# Work to complete:
Everything from the line holding "Uma fotografia colorida" through the last line of the records should be repeated word for word, and pictures should be omitted.

# Excerpted records:
------------------------------------------------

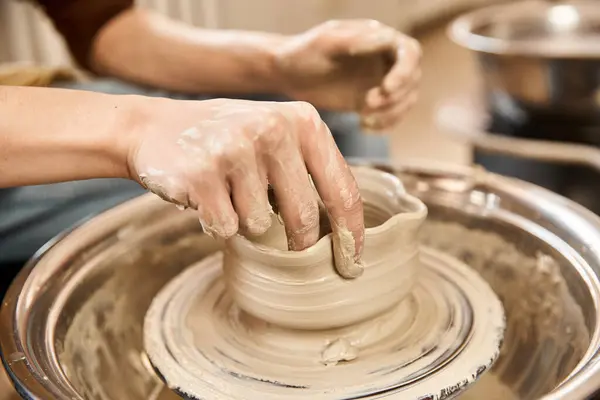 A talented man skillfully shapes clay into a beautiful pottery piece while surrounded by creativity. — Stock Photo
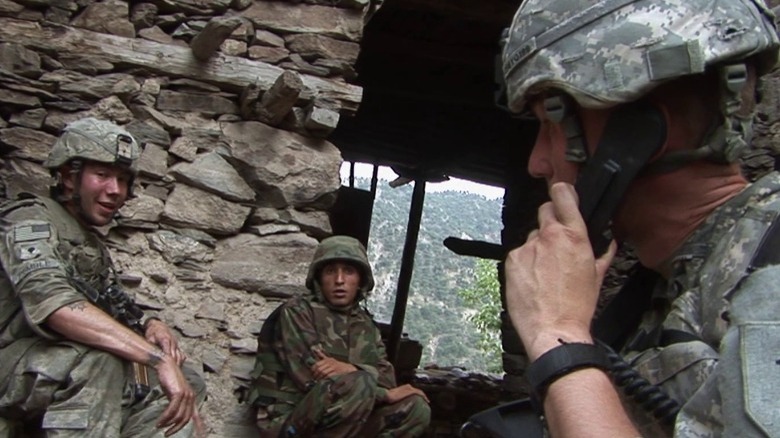 Soldiers sitting in bunker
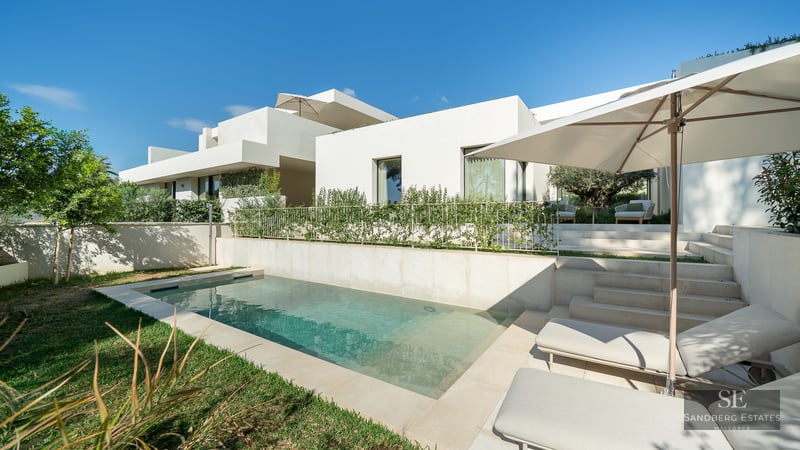 Modern white villa with a rectangular swimming pool, stone patio, sun loungers, and lush green landscaping under a blue sky.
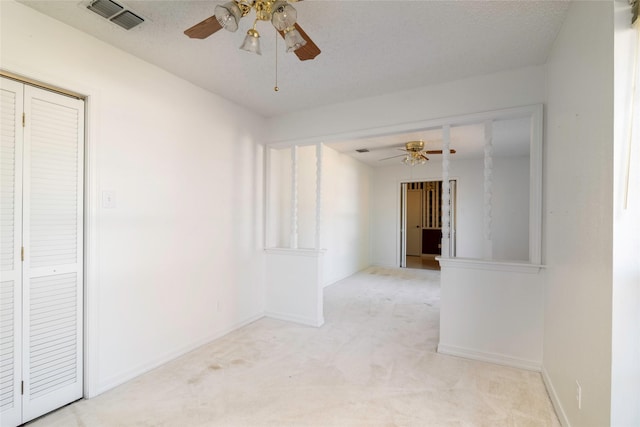 unfurnished room featuring light colored carpet and ceiling fan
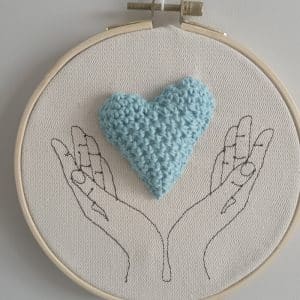 Cadre représentant des mains (broderie). Entre les mains se trouve un coeur réalisé au crochet.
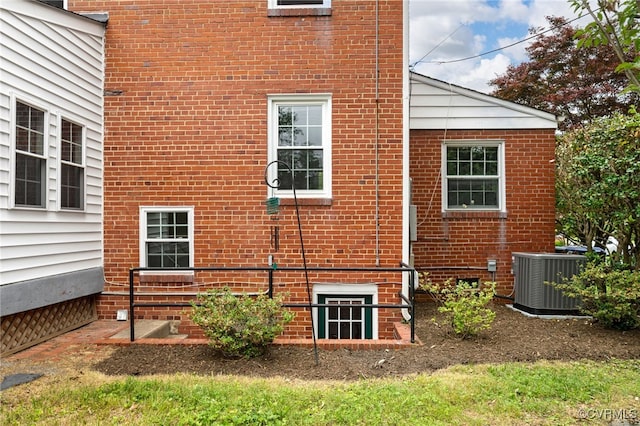 view of property exterior with central air condition unit and brick siding
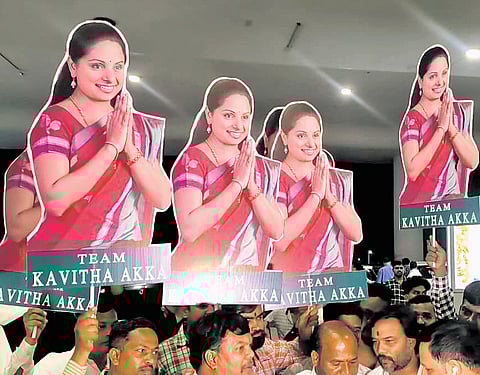 Supporters of MLC K Kavitha carry ‘Team Kavitha Akka’ placards as a beaming BRS leader emerges from the Rajiv Gandhi International Airport in Hyderabad on Friday
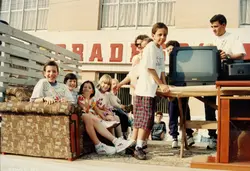 Uma fotografia colorida que mostra um grupo de crianças e jovens posando em um cenário montado ao ar livre, possivelmente em um evento comunitário ou promocional. O ambiente inclui um sofá estampado, uma mesa com uma televisão antiga e um fundo com letreiros comerciais, refletindo a moda e o estilo de vida da década de 1990.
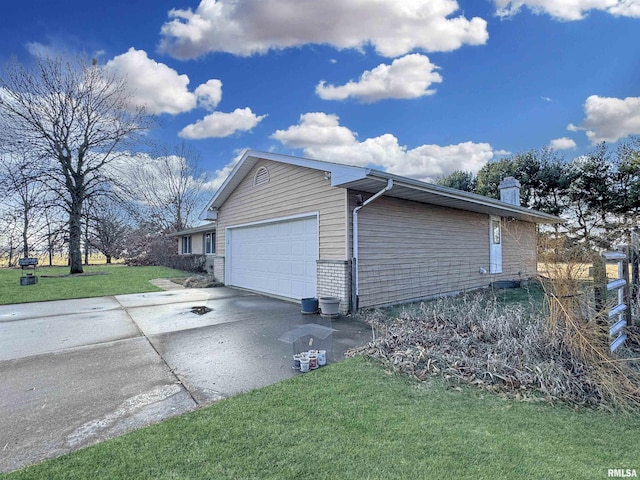 view of side of property with a lawn and a garage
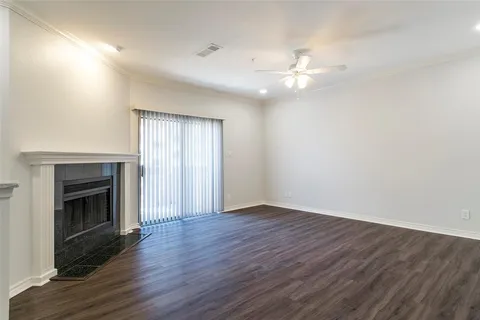 an empty room with wooden floor fireplace and windows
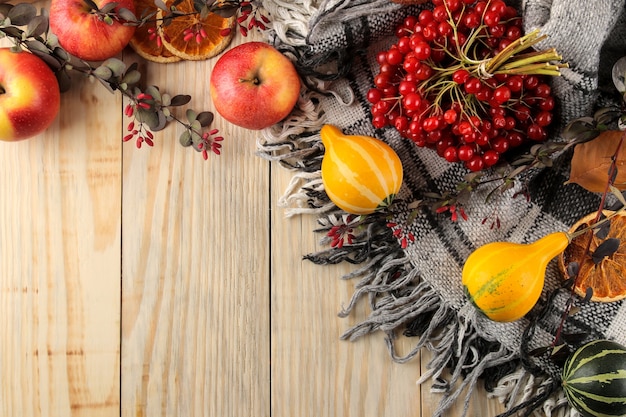 Automne. composition d'automne avec un plaid chaud, des feuilles jaunes, des citrouilles décoratives et des pommes sur un fond en bois naturel. vue de dessus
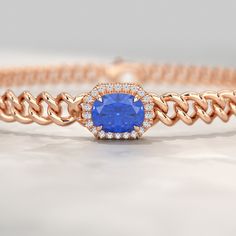 Unveil your style with our 10K Solid Gold Cuban Chain Link Bracelet, adorned with captivating Natural Blue Sapphires and meticulously crafted Lab Grown Diamonds. Personalize this bracelet with your choice of design, making it a one-of-a-kind treasure. 𝐅𝐞𝐚𝐭𝐮𝐫𝐞𝐬:• 𝐌𝐚𝐝𝐞 𝐭𝐨 𝐎𝐫𝐝𝐞𝐫• 𝐌𝐞𝐭𝐚𝐥: 𝟏𝟎𝐊 𝐆𝐨𝐥𝐝 | 𝟏𝟒𝐊 𝐆𝐨𝐥𝐝 | 𝟏𝟖𝐊 𝐆𝐨𝐥𝐝• 𝐁𝐚𝐧𝐝 𝐂𝐨𝐥𝐨𝐫𝐬: Rose Gold, Yellow Gold & White Gold• 𝐁𝐫𝐚𝐜𝐞𝐥𝐞𝐭 𝐖𝐢𝐝𝐭𝐡: 8.60 MM• 𝐁𝐫𝐚𝐜𝐞𝐥𝐞𝐭 𝐓𝐡𝐢𝐜𝐤𝐧𝐞𝐬𝐬: 5.4 Luxury Blue Gold Bracelet For Formal Occasions, Elegant Blue Chain Bracelet As Gift, Elegant Blue Chain Bracelet For Gift, Luxury Blue Gold Jubilee Bracelet, Elegant Blue Gold Bracelet For Formal Occasions, Elegant Blue Bangle Gold Bracelet, Elegant Blue Jubilee Gold Bracelet, Blue Gold Bracelet For Gift, Fine Jewelry, Fine Jewelry Blue Gold Bracelet For Gift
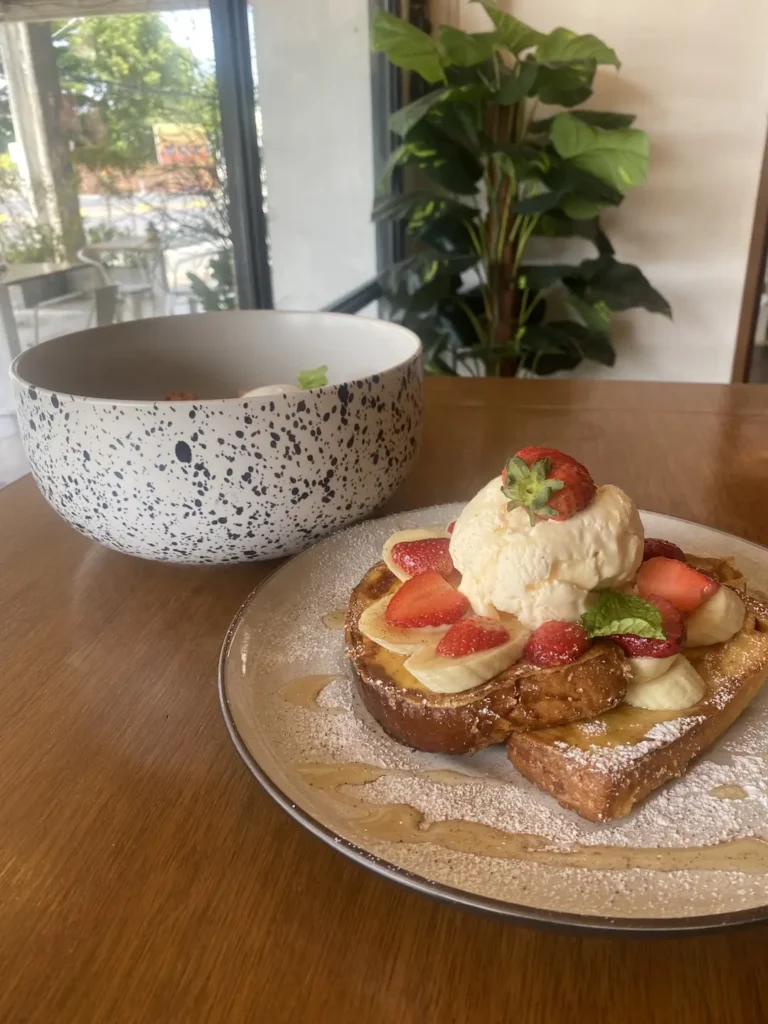 French toast with strawberries, banana and ice cream at one of the best indoor attractions in Phuket: at Poached Breakfast Cafe , Chalong, Phuket, Thailand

------------------------------------------------

# Answer area:
 Uma fotografia colorida que mostra um grupo de crianças e jovens posando em um cenário montado ao ar livre, possivelmente em um evento comunitário ou promocional. O ambiente inclui um sofá estampado, uma mesa com uma televisão antiga e um fundo com letreiros comerciais, refletindo a moda e o estilo de vida da década de 1990.
 view of side of property with a lawn and a garage
 an empty room with wooden floor fireplace and windows
 Automne. composition d'automne avec un plaid chaud, des feuilles jaunes, des citrouilles décoratives et des pommes sur un fond en bois naturel. vue de dessus
 Unveil your style with our 10K Solid Gold Cuban Chain Link Bracelet, adorned with captivating Natural Blue Sapphires and meticulously crafted Lab Grown Diamonds. Personalize this bracelet with your choice of design, making it a one-of-a-kind treasure. 𝐅𝐞𝐚𝐭𝐮𝐫𝐞𝐬:• 𝐌𝐚𝐝𝐞 𝐭𝐨 𝐎𝐫𝐝𝐞𝐫• 𝐌𝐞𝐭𝐚𝐥: 𝟏𝟎𝐊 𝐆𝐨𝐥𝐝 | 𝟏𝟒𝐊 𝐆𝐨𝐥𝐝 | 𝟏𝟖𝐊 𝐆𝐨𝐥𝐝• 𝐁𝐚𝐧𝐝 𝐂𝐨𝐥𝐨𝐫𝐬: Rose Gold, Yellow Gold & White Gold• 𝐁𝐫𝐚𝐜𝐞𝐥𝐞𝐭 𝐖𝐢𝐝𝐭𝐡: 8.60 MM• 𝐁𝐫𝐚𝐜𝐞𝐥𝐞𝐭 𝐓𝐡𝐢𝐜𝐤𝐧𝐞𝐬𝐬: 5.4 Luxury Blue Gold Bracelet For Formal Occasions, Elegant Blue Chain Bracelet As Gift, Elegant Blue Chain Bracelet For Gift, Luxury Blue Gold Jubilee Bracelet, Elegant Blue Gold Bracelet For Formal Occasions, Elegant Blue Bangle Gold Bracelet, Elegant Blue Jubilee Gold Bracelet, Blue Gold Bracelet For Gift, Fine Jewelry, Fine Jewelry Blue Gold Bracelet For Gift
 French toast with strawberries, banana and ice cream at one of the best indoor attractions in Phuket: at Poached Breakfast Cafe , Chalong, Phuket, Thailand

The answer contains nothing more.